== What you are asked to do ==
Return each line, exactly as given, from the one containing "White long sleeve" through the end of the entries below, and skip the rest.
=-=-=
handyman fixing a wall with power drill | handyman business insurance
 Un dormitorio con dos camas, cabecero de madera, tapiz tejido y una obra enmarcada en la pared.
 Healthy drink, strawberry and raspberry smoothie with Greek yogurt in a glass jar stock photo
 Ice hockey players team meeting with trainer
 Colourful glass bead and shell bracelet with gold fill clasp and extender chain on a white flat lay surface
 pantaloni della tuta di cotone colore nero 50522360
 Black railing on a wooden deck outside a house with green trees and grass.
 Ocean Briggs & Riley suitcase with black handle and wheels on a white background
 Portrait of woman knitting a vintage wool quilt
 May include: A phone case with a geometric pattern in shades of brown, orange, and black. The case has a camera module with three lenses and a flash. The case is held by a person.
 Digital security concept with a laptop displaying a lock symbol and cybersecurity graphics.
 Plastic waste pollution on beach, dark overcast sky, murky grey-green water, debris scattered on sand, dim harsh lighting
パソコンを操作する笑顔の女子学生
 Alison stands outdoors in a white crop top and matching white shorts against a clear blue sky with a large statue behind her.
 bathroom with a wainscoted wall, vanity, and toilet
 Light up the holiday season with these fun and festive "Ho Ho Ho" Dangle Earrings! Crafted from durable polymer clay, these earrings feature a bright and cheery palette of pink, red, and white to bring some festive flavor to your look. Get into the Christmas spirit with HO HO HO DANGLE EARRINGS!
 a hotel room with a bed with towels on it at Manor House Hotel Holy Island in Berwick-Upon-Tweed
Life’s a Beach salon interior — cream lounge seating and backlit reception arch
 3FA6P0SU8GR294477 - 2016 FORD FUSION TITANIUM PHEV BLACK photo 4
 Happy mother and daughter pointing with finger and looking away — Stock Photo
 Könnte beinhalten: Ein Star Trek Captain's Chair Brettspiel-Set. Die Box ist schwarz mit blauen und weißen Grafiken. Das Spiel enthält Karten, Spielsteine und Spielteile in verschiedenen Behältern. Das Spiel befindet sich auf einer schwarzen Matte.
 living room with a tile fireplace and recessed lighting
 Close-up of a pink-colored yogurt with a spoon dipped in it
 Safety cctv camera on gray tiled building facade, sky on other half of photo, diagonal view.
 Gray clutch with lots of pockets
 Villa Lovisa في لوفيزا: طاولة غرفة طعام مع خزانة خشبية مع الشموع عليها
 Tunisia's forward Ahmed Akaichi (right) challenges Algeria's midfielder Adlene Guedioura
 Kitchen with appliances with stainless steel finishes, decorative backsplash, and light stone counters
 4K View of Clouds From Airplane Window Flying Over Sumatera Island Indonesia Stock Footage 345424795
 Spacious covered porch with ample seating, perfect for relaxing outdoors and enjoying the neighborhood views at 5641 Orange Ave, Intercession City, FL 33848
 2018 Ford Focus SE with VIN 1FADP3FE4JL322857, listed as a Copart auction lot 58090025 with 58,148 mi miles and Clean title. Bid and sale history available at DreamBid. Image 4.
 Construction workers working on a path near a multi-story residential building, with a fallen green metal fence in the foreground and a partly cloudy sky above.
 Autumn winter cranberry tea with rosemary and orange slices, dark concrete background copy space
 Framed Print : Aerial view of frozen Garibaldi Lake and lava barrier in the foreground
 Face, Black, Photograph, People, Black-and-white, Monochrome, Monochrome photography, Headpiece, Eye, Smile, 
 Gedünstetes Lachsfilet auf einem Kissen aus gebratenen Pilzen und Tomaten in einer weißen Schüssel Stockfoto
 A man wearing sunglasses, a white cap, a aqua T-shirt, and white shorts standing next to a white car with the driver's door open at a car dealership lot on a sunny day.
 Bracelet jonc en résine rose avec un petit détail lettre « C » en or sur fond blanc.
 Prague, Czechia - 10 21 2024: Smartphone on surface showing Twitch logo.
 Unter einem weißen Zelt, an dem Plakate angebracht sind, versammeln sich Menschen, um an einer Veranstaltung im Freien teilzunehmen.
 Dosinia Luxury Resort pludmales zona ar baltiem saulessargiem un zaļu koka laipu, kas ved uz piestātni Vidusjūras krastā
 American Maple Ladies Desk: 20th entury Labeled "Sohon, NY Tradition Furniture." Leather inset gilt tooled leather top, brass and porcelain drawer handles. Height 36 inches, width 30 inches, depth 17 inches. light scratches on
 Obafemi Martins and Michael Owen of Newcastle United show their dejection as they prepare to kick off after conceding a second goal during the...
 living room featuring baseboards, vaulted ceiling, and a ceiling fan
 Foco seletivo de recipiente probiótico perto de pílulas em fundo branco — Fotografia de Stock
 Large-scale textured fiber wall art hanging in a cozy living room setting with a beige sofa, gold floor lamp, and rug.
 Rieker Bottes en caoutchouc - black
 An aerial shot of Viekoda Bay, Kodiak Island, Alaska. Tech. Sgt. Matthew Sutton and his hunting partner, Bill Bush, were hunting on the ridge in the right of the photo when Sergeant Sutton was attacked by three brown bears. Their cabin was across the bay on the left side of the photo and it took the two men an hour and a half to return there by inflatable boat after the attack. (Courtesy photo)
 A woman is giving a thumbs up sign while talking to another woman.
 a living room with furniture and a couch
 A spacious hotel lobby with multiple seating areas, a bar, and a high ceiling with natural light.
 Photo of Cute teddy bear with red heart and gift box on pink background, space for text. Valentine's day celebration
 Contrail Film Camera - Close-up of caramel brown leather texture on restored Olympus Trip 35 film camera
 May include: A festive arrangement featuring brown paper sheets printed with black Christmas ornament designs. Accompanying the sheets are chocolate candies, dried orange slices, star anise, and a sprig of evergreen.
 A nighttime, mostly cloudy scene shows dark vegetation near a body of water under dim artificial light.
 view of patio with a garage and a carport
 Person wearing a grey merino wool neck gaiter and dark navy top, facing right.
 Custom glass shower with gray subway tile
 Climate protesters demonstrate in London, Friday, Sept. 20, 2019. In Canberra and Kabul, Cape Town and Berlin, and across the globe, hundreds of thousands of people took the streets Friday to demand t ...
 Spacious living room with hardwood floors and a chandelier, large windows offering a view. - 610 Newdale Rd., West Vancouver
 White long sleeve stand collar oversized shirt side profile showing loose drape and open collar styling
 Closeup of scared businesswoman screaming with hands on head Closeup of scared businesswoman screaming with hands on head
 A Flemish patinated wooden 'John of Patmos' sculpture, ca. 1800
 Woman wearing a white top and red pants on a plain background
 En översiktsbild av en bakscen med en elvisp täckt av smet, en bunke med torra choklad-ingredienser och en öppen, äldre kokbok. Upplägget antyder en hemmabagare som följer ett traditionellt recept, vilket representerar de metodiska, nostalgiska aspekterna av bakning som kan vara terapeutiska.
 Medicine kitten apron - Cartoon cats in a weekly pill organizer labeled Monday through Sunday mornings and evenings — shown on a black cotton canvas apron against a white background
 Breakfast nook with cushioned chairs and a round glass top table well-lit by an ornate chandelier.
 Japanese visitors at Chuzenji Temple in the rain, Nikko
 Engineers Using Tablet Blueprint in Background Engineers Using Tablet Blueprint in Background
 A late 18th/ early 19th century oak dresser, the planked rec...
=-=-=
== Written response ==
 White long sleeve stand collar oversized shirt side profile showing loose drape and open collar styling
 Closeup of scared businesswoman screaming with hands on head Closeup of scared businesswoman screaming with hands on head
 A Flemish patinated wooden 'John of Patmos' sculpture, ca. 1800
 Woman wearing a white top and red pants on a plain background
 En översiktsbild av en bakscen med en elvisp täckt av smet, en bunke med torra choklad-ingredienser och en öppen, äldre kokbok. Upplägget antyder en hemmabagare som följer ett traditionellt recept, vilket representerar de metodiska, nostalgiska aspekterna av bakning som kan vara terapeutiska.
 Medicine kitten apron - Cartoon cats in a weekly pill organizer labeled Monday through Sunday mornings and evenings — shown on a black cotton canvas apron against a white background
 Breakfast nook with cushioned chairs and a round glass top table well-lit by an ornate chandelier.
 Japanese visitors at Chuzenji Temple in the rain, Nikko
 Engineers Using Tablet Blueprint in Background Engineers Using Tablet Blueprint in Background
 A late 18th/ early 19th century oak dresser, the planked rec...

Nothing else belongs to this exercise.